You walk past and drag some of the air with you out of the room..............hence pressure on the inside of the room is more than that near the door..............air particles on the inside side of the door outnumber the ones on the outside side which causes a net force out of the room which pushes the door out of the room causing it to close

18. Jan 4, 2018

### lekh2003

I think this seems to be a simple case of Bernoulli's principle. This happens to me all the time, the velocity of the air on one side generates a pressure differential and the door moves.

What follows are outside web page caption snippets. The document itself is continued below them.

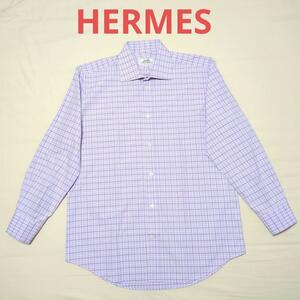 HERMES エルメス メンズ　シャツ　チェック　パープル　Ｍ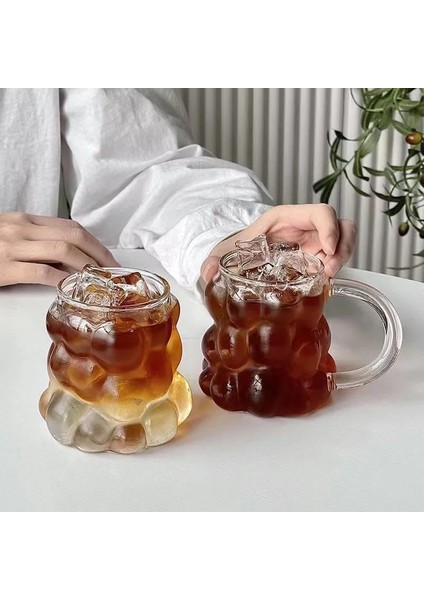 Home 2 Adet 300 ml Üzüm Desenli Borosilikat Bardak, Termisil, Bulut Desenli, Isıya Dayanıklı, Şık ve Fonksiyonel Içecek Bardakları (Kulplu)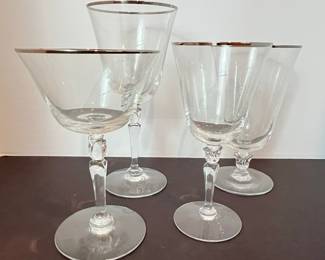 Fostoria Engagement Platinum Rim Coupe Glasses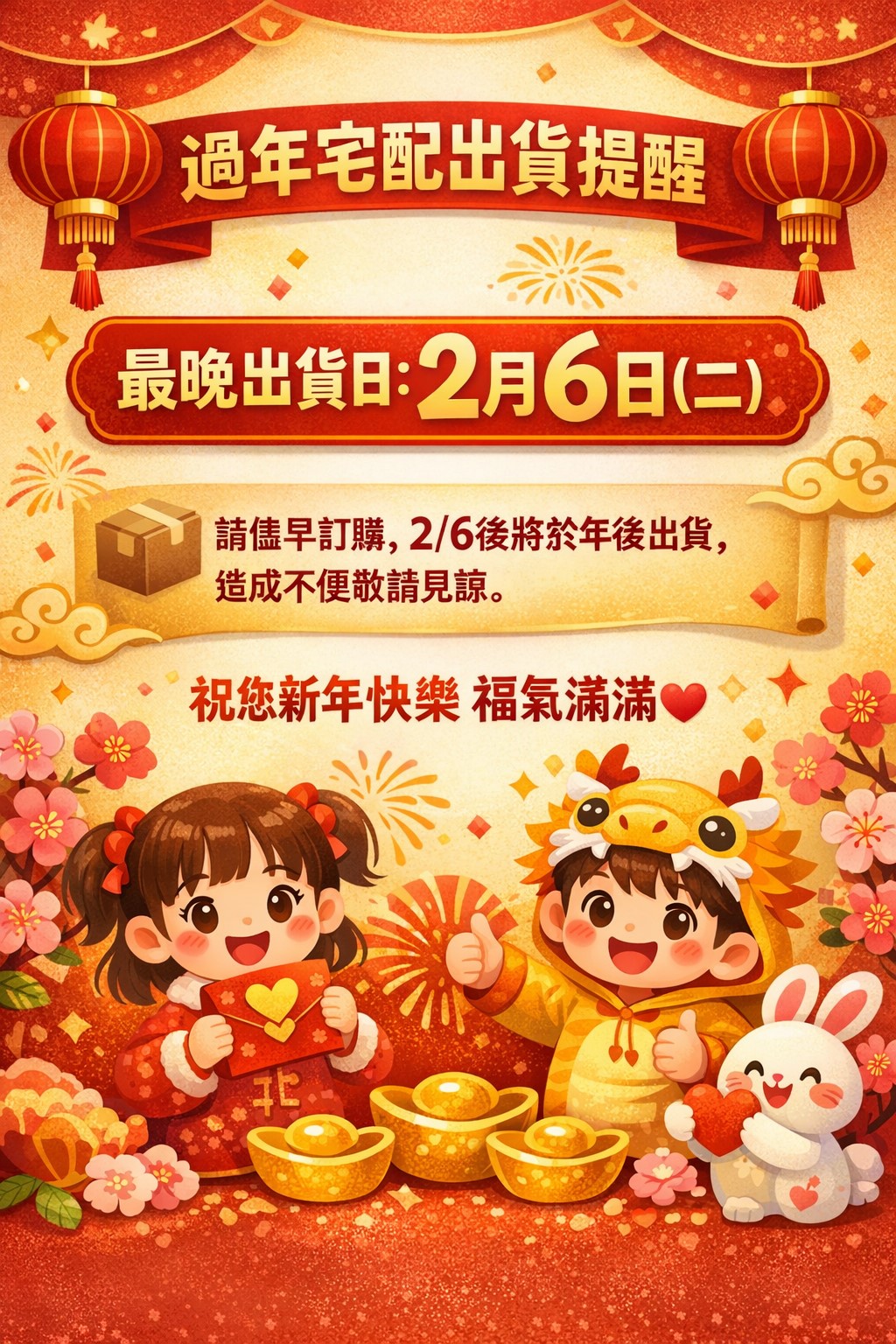 過年物流繁盛期配送公告(標題圖檔)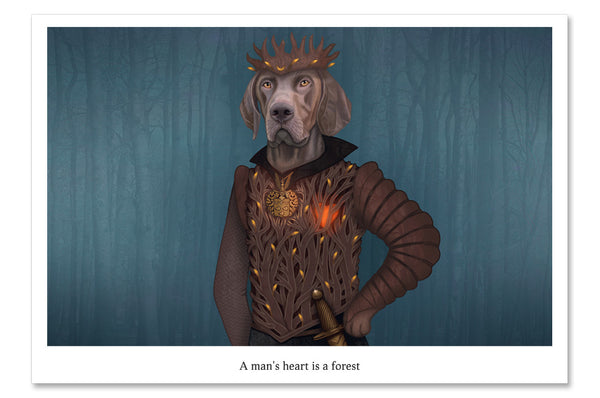 Postcard "A man's heart is a forest" (German shorthaired pointer)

If I'm right, this is one of the ways aeroplanes generate lift. The air on the top flows faster than on the bottom and the aeroplane begins to rise.

19. Jan 4, 2018

### sophiecentaur

This thread reminds me of the "How does an aeroplane wing work?" discussions. The Bigendians say it's Bernoulli and the Littleendians say it's Newton 3. Neither is wrong and neither is exclusively right. In this case, the air flowing past the moving body is driven by a pressure difference (Newton 1) and we are only arguing about what is causing that difference, a dynamic effect of the passage through the air or a quasi static effect of displacement. (piston) We could build (at least design) two systems which could work due exclusively to one or the other or a combination of the two. Here, the numbers are important and the diagram that's been supplied is half way there. How high is the corridor, how wide is the door and how fast is 'walking'?

20. Jan 4, 2018

### FactChecker

It's neither a pressure build up from a "piston" action, nor Bernoulli. The stairs shown in the updated diagram of post #16 rules out pressure build up (which I thought was unrealistic except in a sealed, air-tight corridor anyway). Bernoulli is also the wrong way to look at this problem. The turbulence and air flow behind the person walking past is the cause. Trying to analyse this problem in more detail is virtually hopeless. Even relatively simple situations require wind tunnel experiments to verify analysis.